Dit is misschien wel het bekendste koekje uit Italië: de cantuccini, of ook wel “Biscotti di Prato” genoemd. Ze komen dus uit Prato, Toscane. Heerlijk knapperig en lekker om in de cappuccino te dopen. Of doe gewoon zoals het “heurt”, doop ze in de vin santo! Een lekkere dessert wijn. Het typische van dit koekje is dat ze twee keer gebakken worden. Eerst in een rol en na het snijden nog een keer. Op deze manier worden ze heel knapperig. Het koekje is heel bros, omdat er nauwelijks boter aan te pas komt. Uiteraard zijn er nog allerlei varianten mogelijk met andere noten en met chocolade. Die creativiteit laten we graag aan jullie over.
Wat heb je nodig?
- 180 gr fijne suiker
- 1 ei
- 1 theelepel bakpoeder
- 250 gr bloem
- 110 gram amandelen (of een mix met gepelde hele pistachenootjes)

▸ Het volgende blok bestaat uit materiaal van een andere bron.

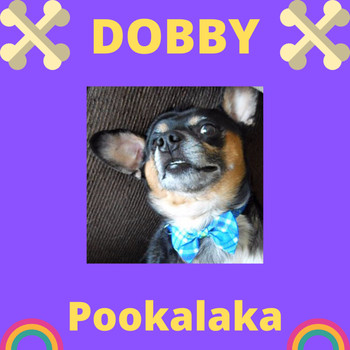 Andy Garrett - Dobby - Pookalaka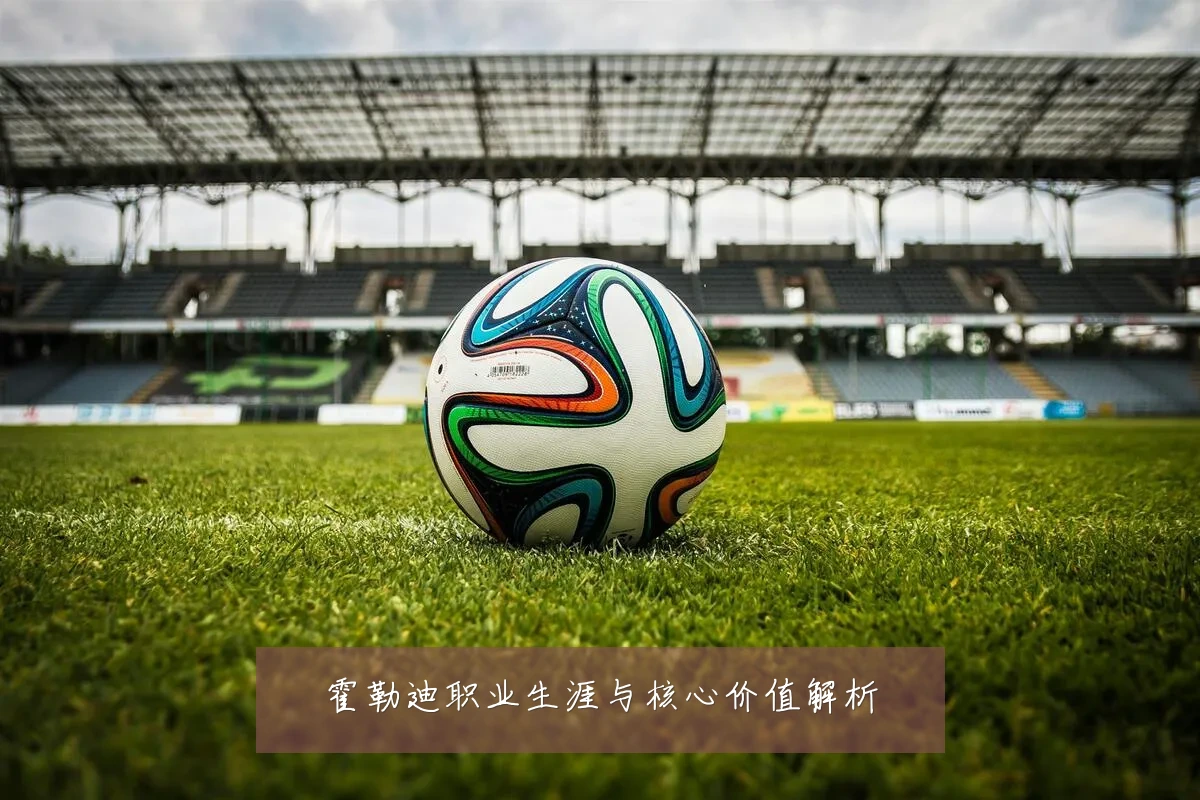 霍勒迪职业生涯与核心价值解析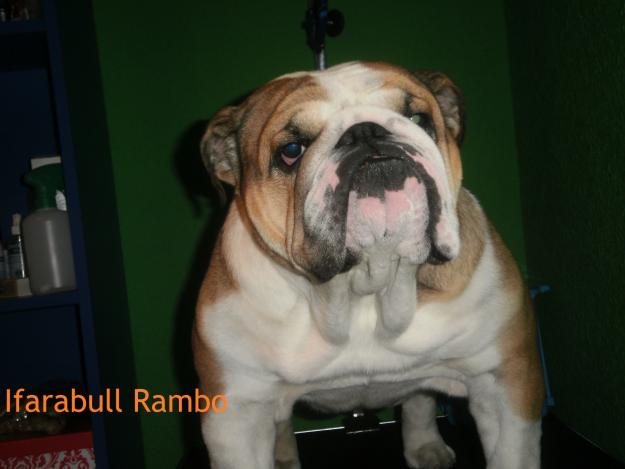 Excelente Bulldog Ingles para montas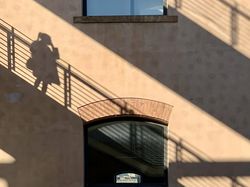 Karya Memukau Jawara Kontes Foto Ponsel 2022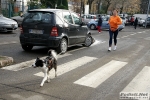 sacca_modena_morselli_stefano_271209_0071.jpg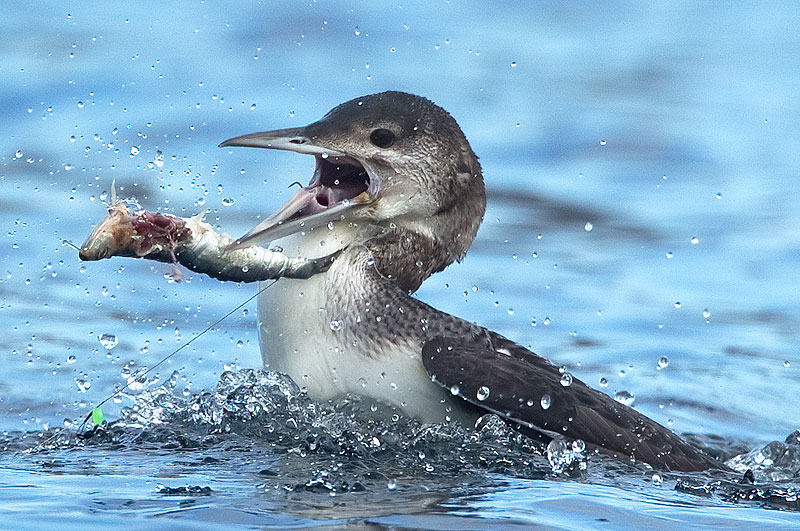 great northern diver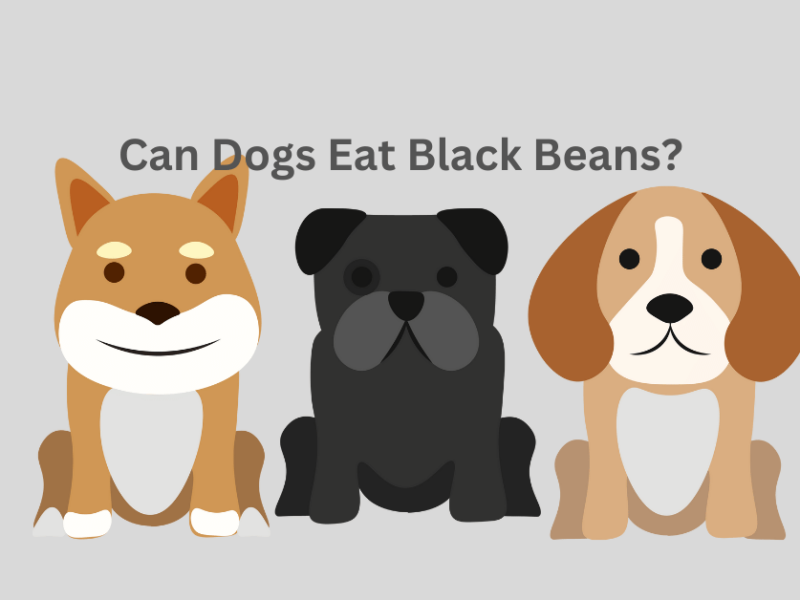 Can Dogs Eat Black Beans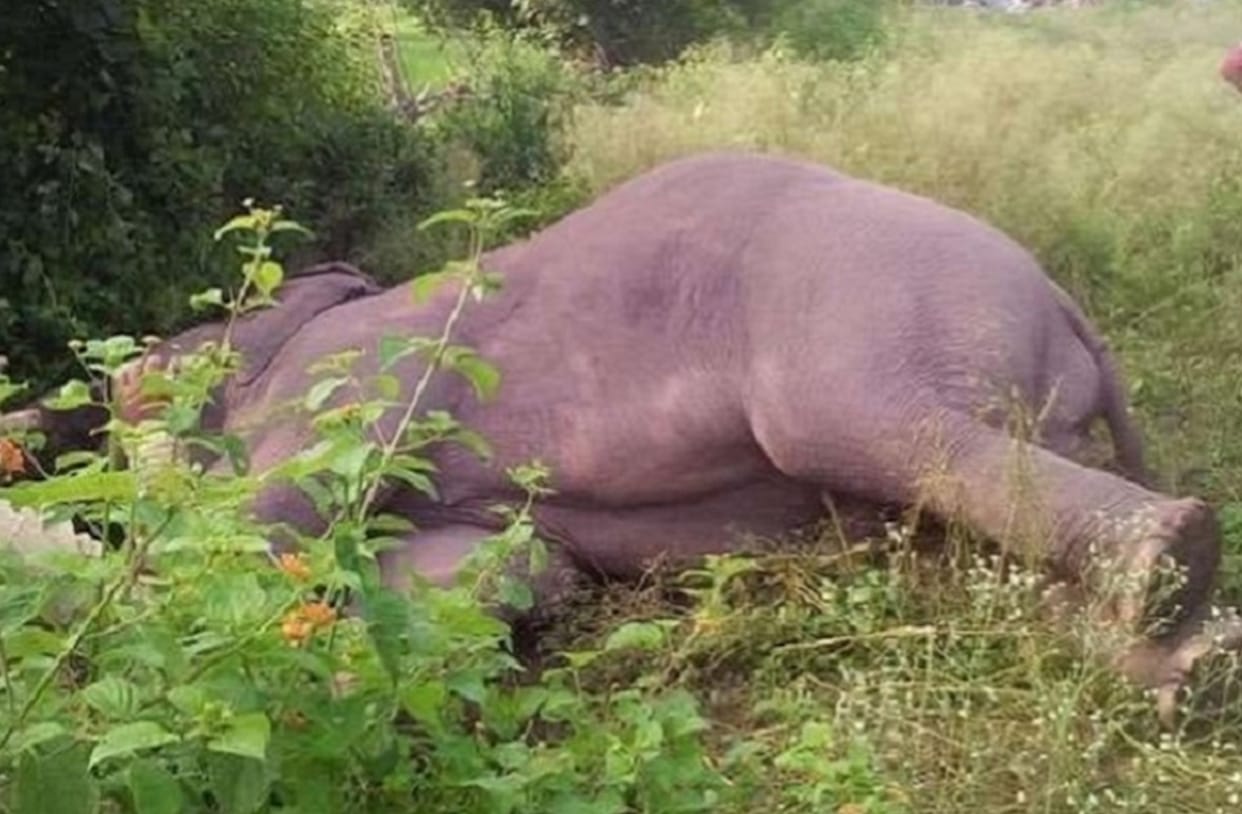 Elephant dies in Katarniaghat, carcass rots for a week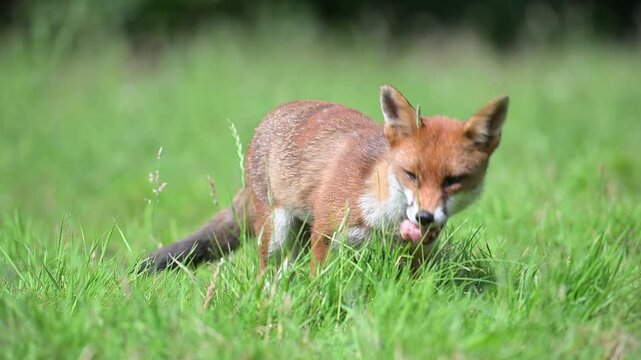Fox vixen cubs spring watch summer mammals England wildlife conservation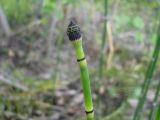 Equisetum hyemale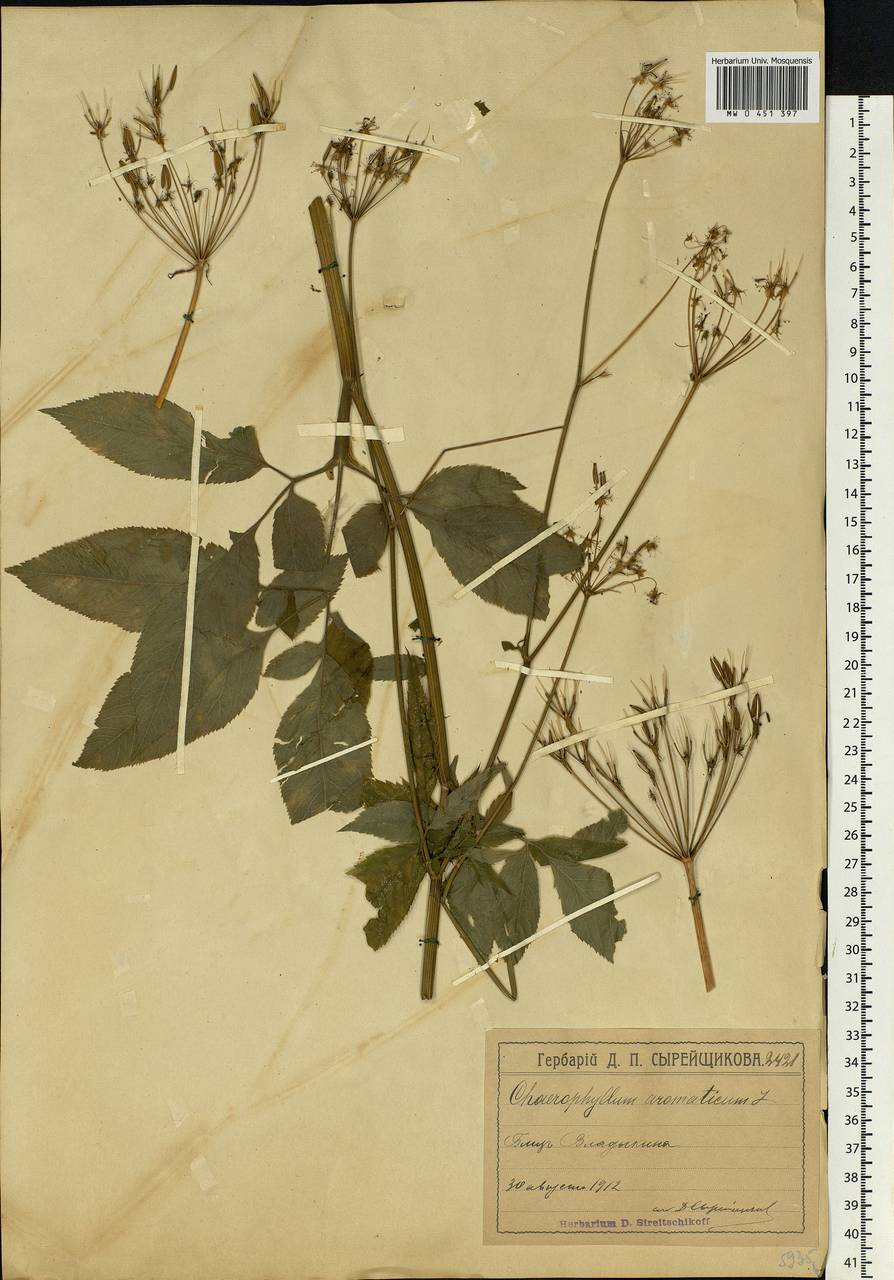 Chaerophyllum aromaticum L., Eastern Europe, Moscow region (E4a) (Russia)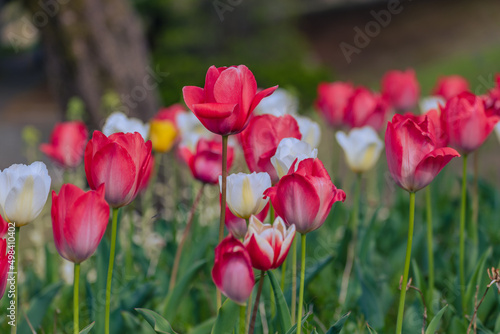 春の花壇に咲くチューリップ 春イメージ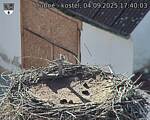 Capi_Dubne_20250904_174003.jpg
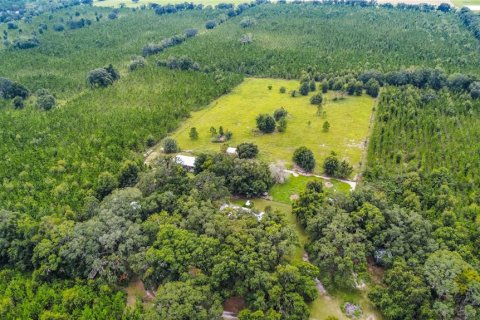 Terreno en venta en Morriston, Florida № 1403816 - foto 16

- 10 gr Marsala of dessert wijn
- geraspte schil van een halve sinaasappel
- 30 gr boter (kamertemperatuur)
Hoe begin je er aan?
Verwarm de oven voor op heteluchtstand 200°C.
Meng het ei met de suiker. Je hoeft niet te mixen. Gewoon goed mengen is voldoende. Laat even staan zodat de suiker wat kan oplossen. Ondertussen kun je de andere ingrediënten afwegen en klaarmaken.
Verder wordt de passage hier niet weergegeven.